Né avec un goût suret indépendant, il n’aurait pas voulu mêler l’amour à l’horreur du sujet d’Œdipe, et il osa même présenter sa pièce aux comédiens sans avoir payé ce tribut à l’usage ; mais elle ne fut pas reçue. L’assemblée trouva mauvais que l’auteur osât réclamer contre son goût. Ce jeune homme mériterait bien, disait Dufresne, qu'en punition de son orgueil, on jouât sa pièce avec cette grande vilaine scène traduite de Sophocle.

Il fallut céder, et imaginer un amour épisodique et froid. La pièce réussit ; mais ce fut malgré cet amour : et la scène de Sophocle en fit le succès. La Motte, alors le premier homme de la littérature, dit, dans son approbation, que cette tragédie promettait un digne successeur de Corneille et de Racine ; et cet hommage rendu par un rival dont la réputation était déjà faite, et qui pouvait craindre de se voir surpassé, doit à jamais honorer le caractère de la Motte.

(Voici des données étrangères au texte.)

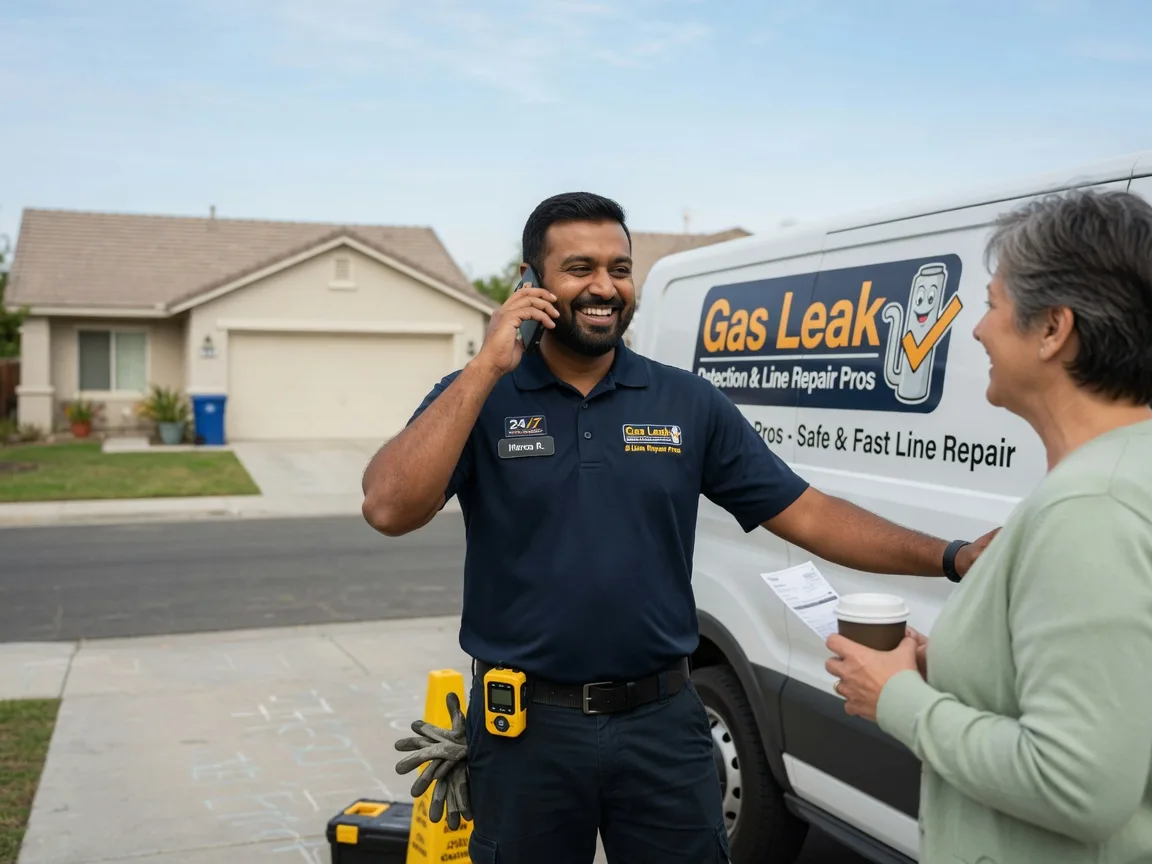 Gas Line Repair Lyndonville, NY FAQs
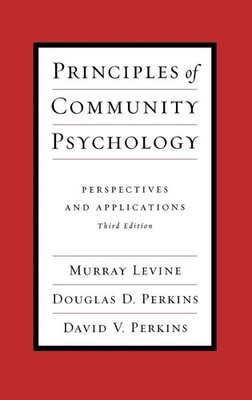 Murray Levine (u. a.) | Principles of Community Psychology | Buch | Englisch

Mais Voltaire, dénoncé, comme un homme de génie et comme un philosophe, à la foule des auteurs médiocres, et aux fanatiques de tous les partis, réunit dès lors les mêmes ennemis dont les générations, renouvelées pendant soixante ans, ont fatigué et trop souvent troublé sa longue et glorieuse carrière. Ces vers si célèbres,

Nos prêtres ne sont pas ce qu’un vain peuple pense ;
Notre crédulité fait toute leur science,


furent le premier cri d’une guerre que la mort même de Voltaire n’a pu éteindre.